InterBase database .NET Data Provider
Other
12 stars 7 forks source link

Arithmetic Exception Cannot transliterate character between character sets #5

Closed tramesh2009 closed 2 years ago

tramesh2009 commented 3 years ago

Hi,

I was installed ADO.Net provider and tried to save German Umlaut characters. It was saved successfully. But it could not retrieve from DB. There is showing arithmetic exception... cannot transliterate character....

How to resolve this issue when accessing this kind characters or any other characters?

Thank You

WDI-Json commented 3 years ago

We have the same issue. However, it doesn't seem to matter which encoding we use... :(

tramesh2009 commented 3 years ago

We have the same issue. However, it doesn't seem to matter which encoding we use... :(

Thank you for your reply. Please share the encoding concept (if possible) what you are using.

One question : If use the encoding then character might be changed while retrieving from DB. Did you see this kind of issue?

Thank you.

bhorn commented 2 years ago

What encoding did you create the database with (in IBConsole)? I have had similar problems where the existing database uses charset=None, but data already exists (from a Win32 application) as 8-bits per char, and this driver on .NET Core is trying to read it as multibyte UTF8. I either got transliteration errors, or '?' when using 'charset=None' in the connection string. To fix it I had to use reflection to override the private _encoding field being used.

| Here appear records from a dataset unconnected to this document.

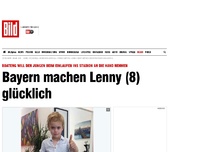 Bild zum Artikel: Traum wird wahr - FCB-Fan Lenny (8) darf mit FCB-Stars einlaufen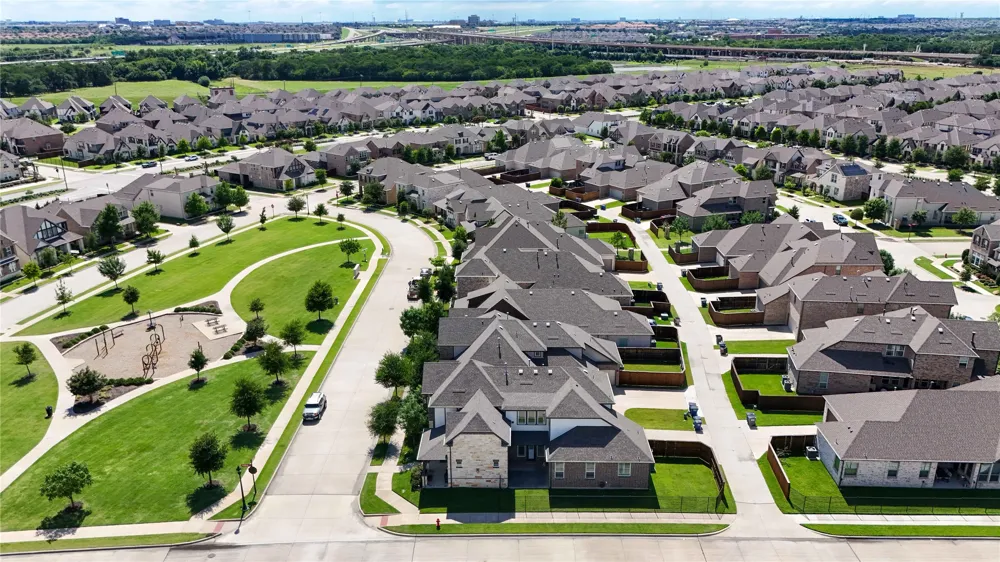 1571 Amesbury Way Farmers Branch, TX 75234
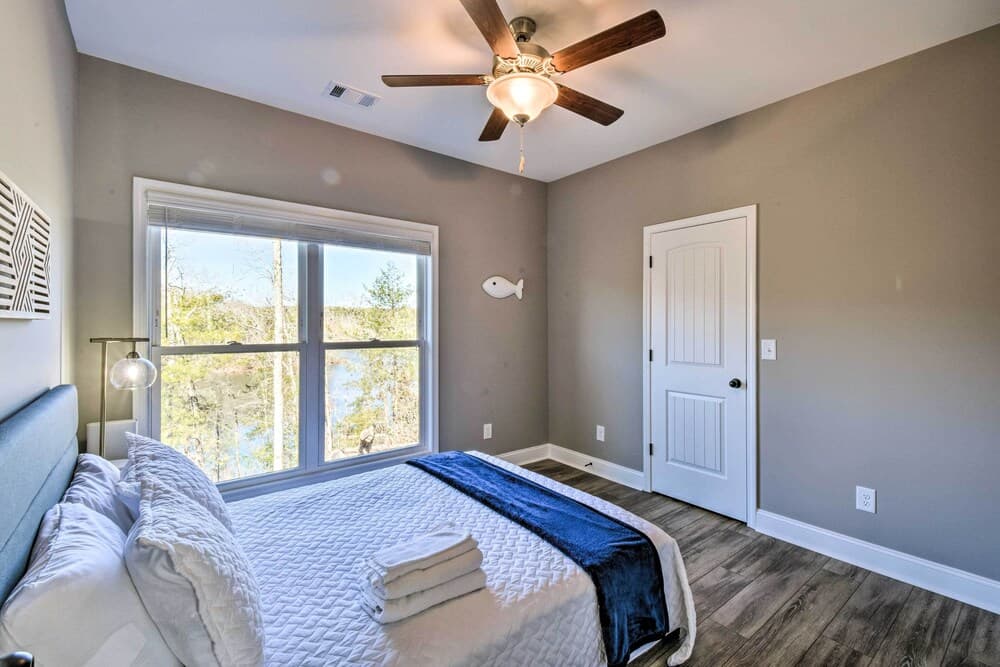 Lake Keowee Getaway: Boat Dock, Deck, Grill!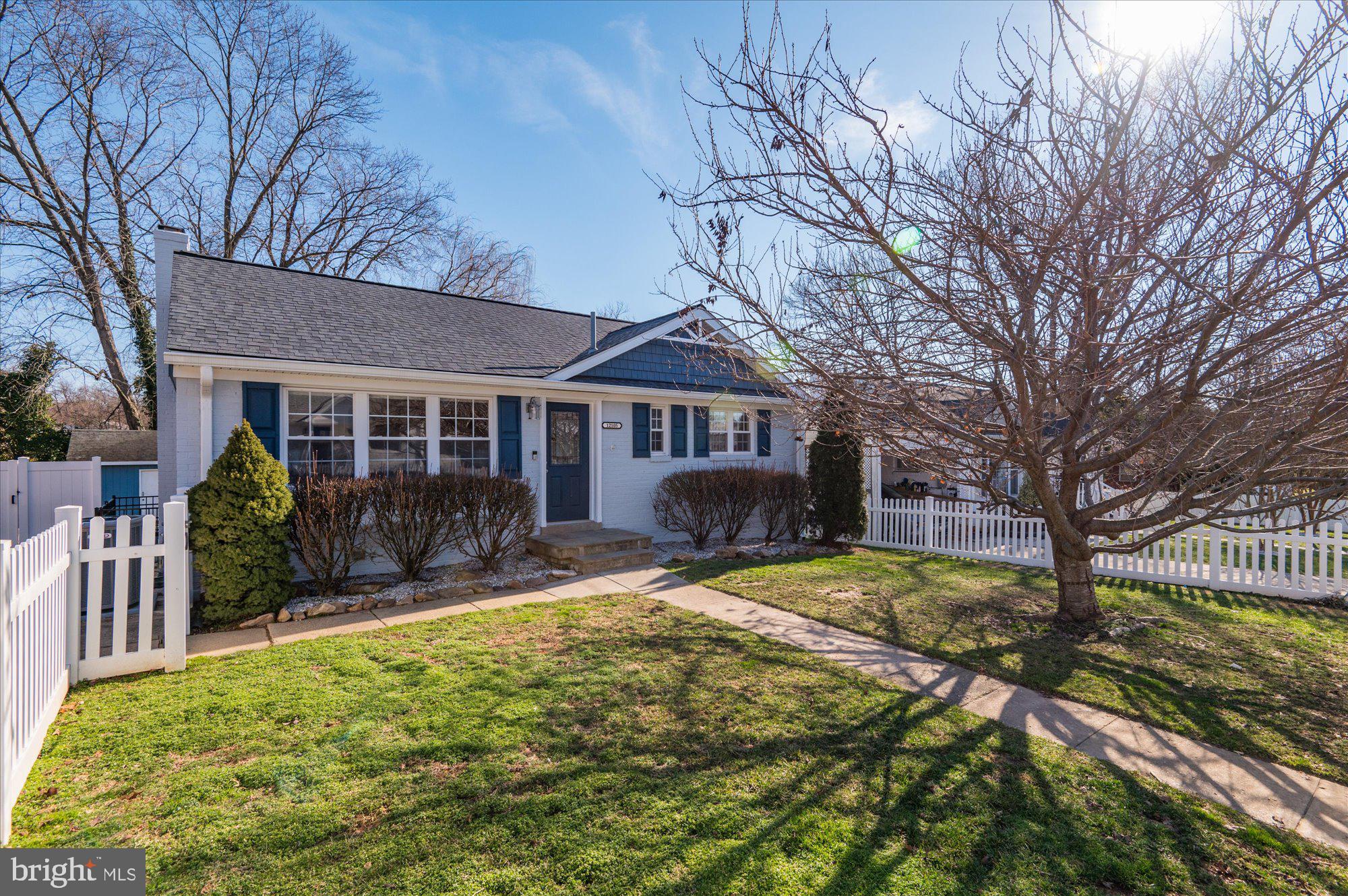 12105 Edgemont Street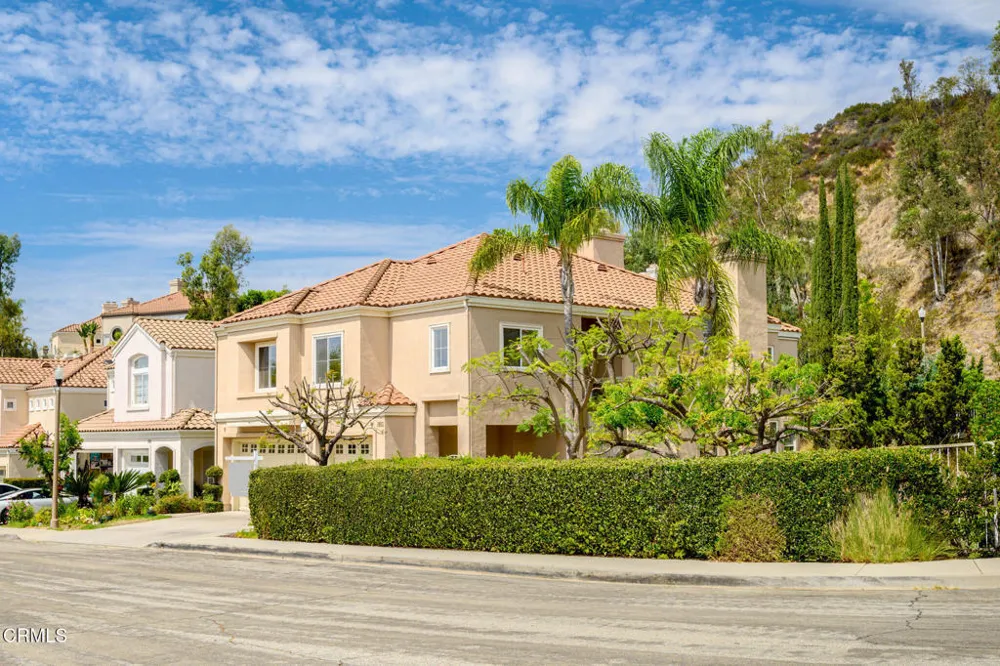 1955 Calle Sirena Glendale, CA 91208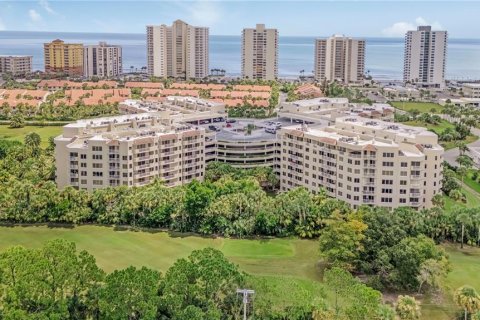 Condo in Daytona Beach Shores, Florida, 2 bedrooms  № 2339204 - photo 2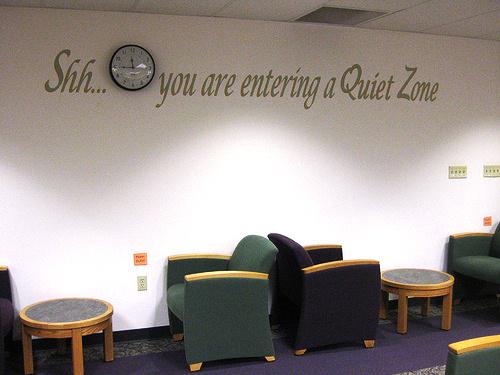 TarletonLib's tweet image. Looking for a quiet place to study? Checkout our Quiet Zone! Upper Level/3rd Floor. #thelibraryrocks #quietstudy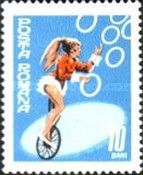 Juggler on unicycle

Here is a snippet if it helps (use with charset=None in connection string):

        // include nuget package System.Text.Encoding.CodePages
        using System.Text;
        using InterBaseSql.Data.InterBaseClient;
        ...
        Encoding.RegisterProvider(CodePagesEncodingProvider.Instance);

        var asm = Assembly.GetAssembly(typeof(IBConnection));
        var charsetType = asm.GetType("InterBaseSql.Data.Common.Charset");
        var pi = charsetType.GetProperty("DefaultCharset");
        var mi = pi.GetGetMethod();
        var inst = mi.Invoke(null, null);
        var pi2 = charsetType.GetField("_encoding", BindingFlags.NonPublic | BindingFlags.Instance);
        var encoding = System.Text.Encoding.GetEncoding("Windows-1252");
        pi2.SetValue(inst, encoding);
jeffovercash commented 2 years ago

Also, are you setting the character set in the connection string? Try setting UTF8 and see if that works. The server will transliterate between the character set as stored to UTF8 before putting it onto the wire and then the driver will take the UTF8 and translate to Unicode. There is code to do all that, but no unit tests were written originally in the Fb driver (the basis of this one) and I have not yet written some for testing setting hte lc_ctype in a connection string (there are connection string tests that character set is properly parsed, but not the use of it in a connection).

jeffovercash commented 2 years ago

In the next release, the default will be None not Utf8. None makes more sense in that the characters should not be normally translated unless the dev explicitly sets a character set (the lc_ctype) to have all data translated to that type.

What bhorn suggested was more how I wrote it in IBX over in Delphi. IBX stores the encoding at the IBDatabase level and when reading a char or varchar it gets encoded from the lc_ctype encoding to UniCode. When writing the reverse. The Fb original authors took the standpoint of interpreting the character set from SQLVar information and picking the right encoding from the charset class. In the case that bhorn gave his workaround for, neither really works. At the connection level it needs to be none or you get the can not transliterate, but at the DB field level, it does not know it is not normal ascii (ansi it is one of the two).

Normally you would just set the lc_ctype, but sometimes that can result in not able to transliterate errors.

jeffovercash commented 2 years ago

7.12.1 now uses none if no charset is set in the connection string.